Barclays has sold its iShares business to private equity firm CVC Capital Partners for $4.4 billion, continuing its efforts to shore up its capital base. But, reflecting Barclays' eagerness to close a deal as well as the fact that private equity firms are only willing to do deals if leverage is secured, the UK bank will provide $3.1 billion of debt financing to CVC to effect the deal.
Barclays will book a net gain on the sale of $2.2 billion, taking into consideration goodwill of $1.4 billion, from a business it has mostly grown organically over the past five years. Including this gain and the capital it raised primarily from Middle Eastern investors in November 2008, the UK-headquartered bank would have had a tier-1 ratio of 10.3% on December 31, 2008.
Barclays will be entitled to 20% of the equity return from the iShares business after Luxembourg-based CVC achieves a defined minimum return. Barclays is advised by Barclays Capital and Lazard with Clifford Chance and Sullivan & Cromwell providing legal advice. CVC is advised by Deutsche Bank.
iShares is a global provider of exchange traded funds (ETFs) and forms part of Barclays Global Investors, the bank's California-based asset management arm. BGI had $1.5 trillion of assets under management at the end of 2008.
iShares had approximately 620 employees across 14 countries at the end of last year. Some of these employees and other Barclays' employees have an economic interest in iShares through shareholdings in BGI UK Holdings, which is the main holding company for BGI. These shareholders purchased their shares through an equity ownership plan, which now owns 4.5% of BGI Holdings. Including options which are not yet vested, employees own 10.3% of BGI Holdings.
Employees who are shareholders in BGI Holdings will receive a cash dividend on their shares in lieu of their shares. Bob Diamond, president of Barclays and head of the bank's investment banking division, will receive a cash dividend of up to $6.9 million, net of a $2.9 million payment Diamond will make to exercise his options.

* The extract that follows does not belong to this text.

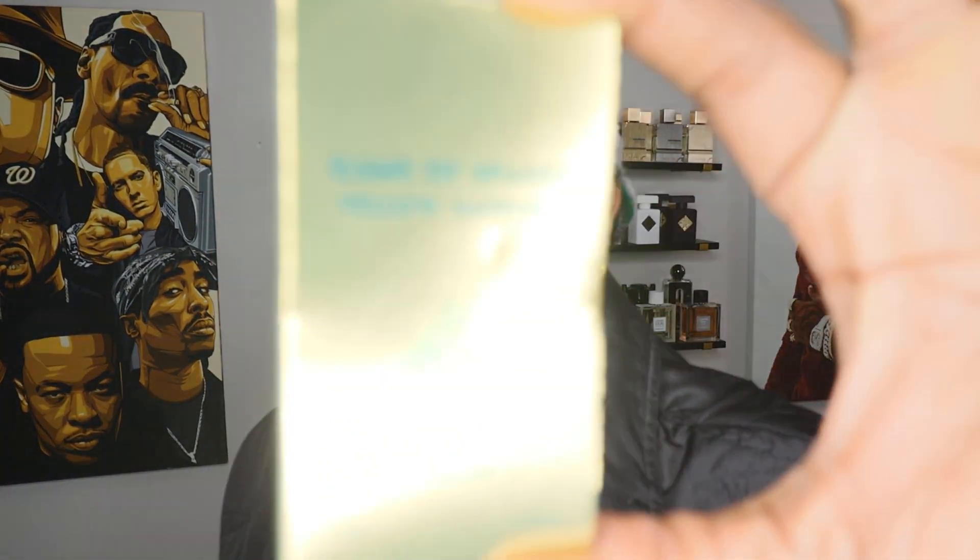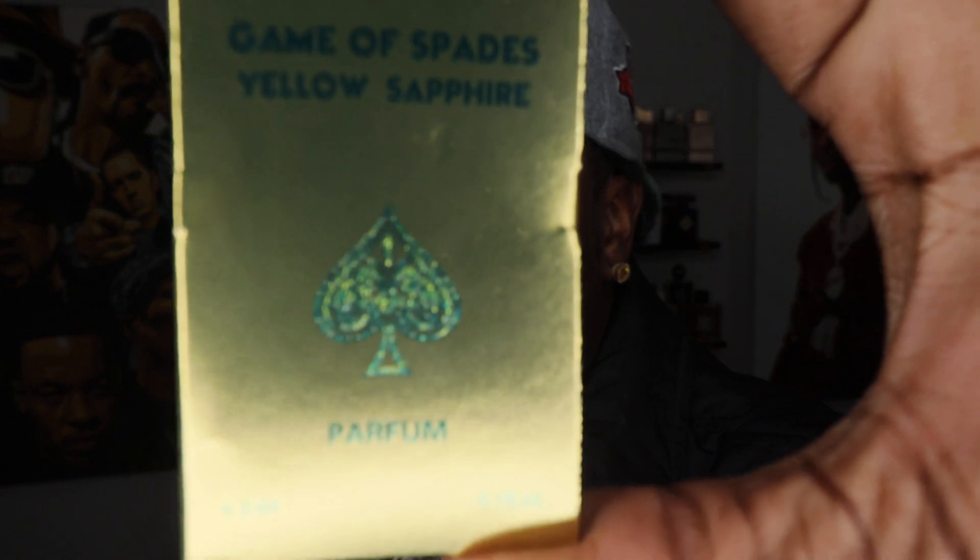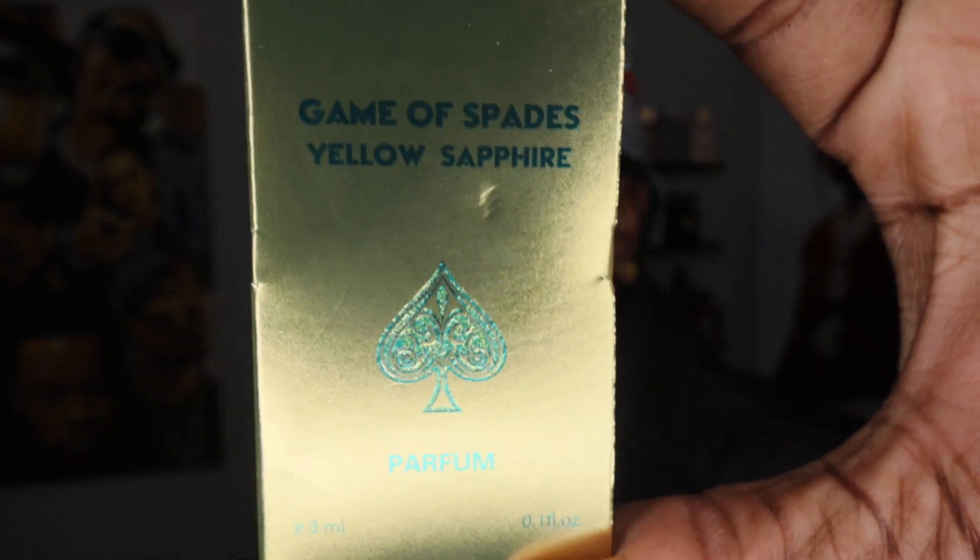YouTube, what's going on man, it's Taz with the Reviewer Man. I'm back with another review. Today I got a review of Game of Spades — this is the decant, 3ml of Yellow Sapphire, parfum concentration.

The buy-side has negotiated a deal which sees Barclays provide $3.1 billion of debt financing to CVC. The UK-headquartered bank has also agreed to hold 100% of the debt for the first year and at least 51% of the total financing for the first five years. Barclays is free to syndicate the remaining 49% after the first year. The debt comprises $1.7 billion of senior debt and $1.4 billion of vendor finance.
The deal has been done at a multiple of 10.1 times trailing 2008 Ebitda. The financing comprises around 70% debt and 30% equity, with the debt raised at 7.5 times 2008 Ebitda. Such high multiples have not been common since the start of the credit crunch.
The senior debt is split into two tranches: a six-year, secured term-loan facility of approximately $850 million, at a spread of 4.0% over Libor; and a seven-year, unsecured loan facility with a bullet repayment at a spread of 5.5% over Libor. The vendor loan is a 10-year facility with a mandatory payment in kind (PIK) interest mechanism at 7.0%.
Barclays has negotiated a "go-shop" clause, whereby it can try to get a bidder to better CVC's offer before June 18. CVC will be paid a break fee of $175 million by BGI if a better offer is tabled and is not matched by CVC within five days.
Since it decided not to take government funding last year, Barclays has been raising equity and selling non-strategic assets to bolster its capital position. On March 30, Barclays announced it will not participate in the UK government's asset protection scheme (APS) which was announced earlier this year. The bank announced its decision only one day before the March 31 deadline for banks to indicate whether they will be part of the APS.
Barclays is trying to avoid the stringent conditions that are being stipulated together with bailout funding from the UK government, and which relate to lending and strategic direction, as well as compensation. But to retain its independence Barclays has to pass "stress tests" administered by the UK regulator, the Financial Services Authority, on its capital adequacy levels among other things.